A hearing is scheduled in Douglas County District Court to consider a request by the city to find the owners and operators of the club in contempt of court. The city says the club is ignoring a judge’s order.
In December, Judge Michael Malone ruled that the business at 821 Iowa — more recently referred to as 821 Club — violated city law by operating as a nightclub instead of a bar, and should not do so without filing a new site plan with the city.
The city said the establishment, prior to opening as Club Axis, operated as a bar, known as Moon Bar. The city said Club Axis became a nightclub when it changed its layout, allowed more people inside and offered music for dancing — all without filing a new site plan.
After a recent shooting outside the club, the city filed a motion in the case, asking the court to take action because the establishment has continued to operate as a nightclub without filing the new site plan. The lawsuit named Christopher Windler, Fred Windler, Qing Ling Wang and Xin Li Liu as defendants.

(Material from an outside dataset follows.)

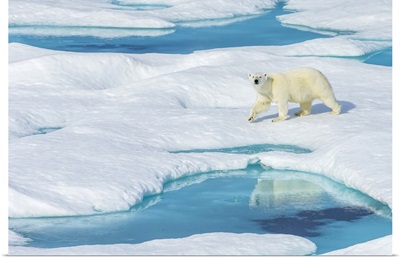 A Polar Bear Wanders Past Pools Of Water On An Ice Floe In The Canadian Arctic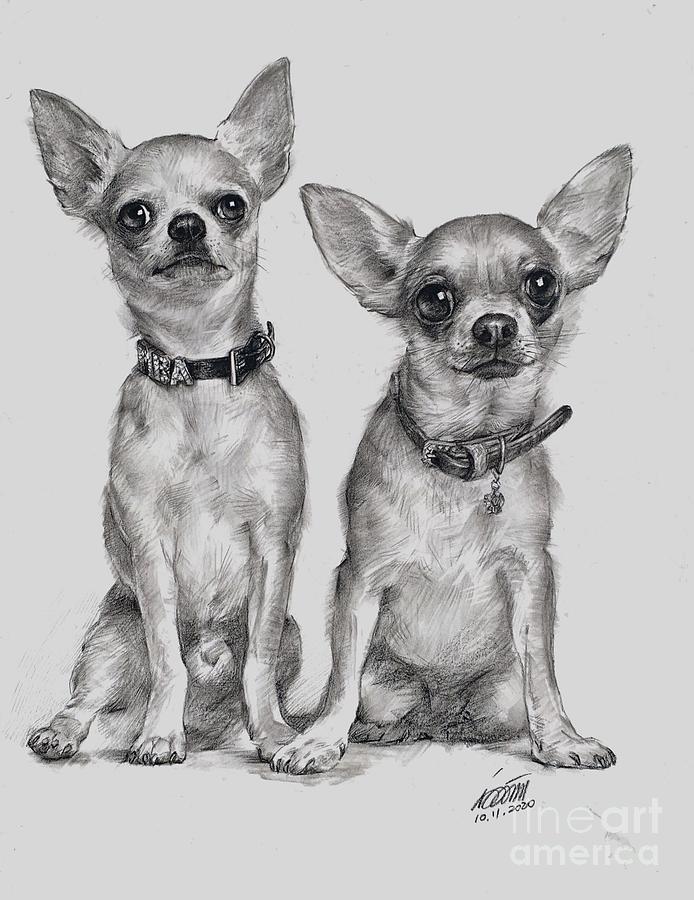 Chihuahua's Portrait By Charcoal Pencil Drawing by Wendy Huang Pixels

Brian Johnson, an attorney representing the club’s owners and operators, said the city was grasping at straws. Johnson equates the action against Club Axis to the city’s efforts to shut down Last Call, 729 N.H., which closed in 2008 after violence outside the club.
“The city, fresh off of their previous conquests here in town … feels quite emboldened that if they find another proprietor that they personally disagree with, that they can use some muscle to get them to shut down,” Johnson said. “The only problem in this case is their basis lacks any legal support or factual support.”
Lawrence police have connected the establishment on Iowa to multiple shootings and stabbings over the years, including the May 2005 stabbing of former Kansas University basketball player J.R. Giddens.
The building housed the Moon Bar from May 2003 until it closed in late 2005. The establishment reopened in March 2007 as Club Axis. Since then, police said, a 25-year-old was shot in March 2009 in the parking lot of the bar and a Topeka teenager was wounded during a July 5 shooting outside the club. The current owners claim the violence has been wrongly connected to the club.
Johnson said he does not anticipate the city will be successful in shutting down Club Axis, which would be the ultimate result if Malone ruled in favor of the city.
“The legal process has to run its course,” Johnson said. “They don’t have any basis to shut down my client.”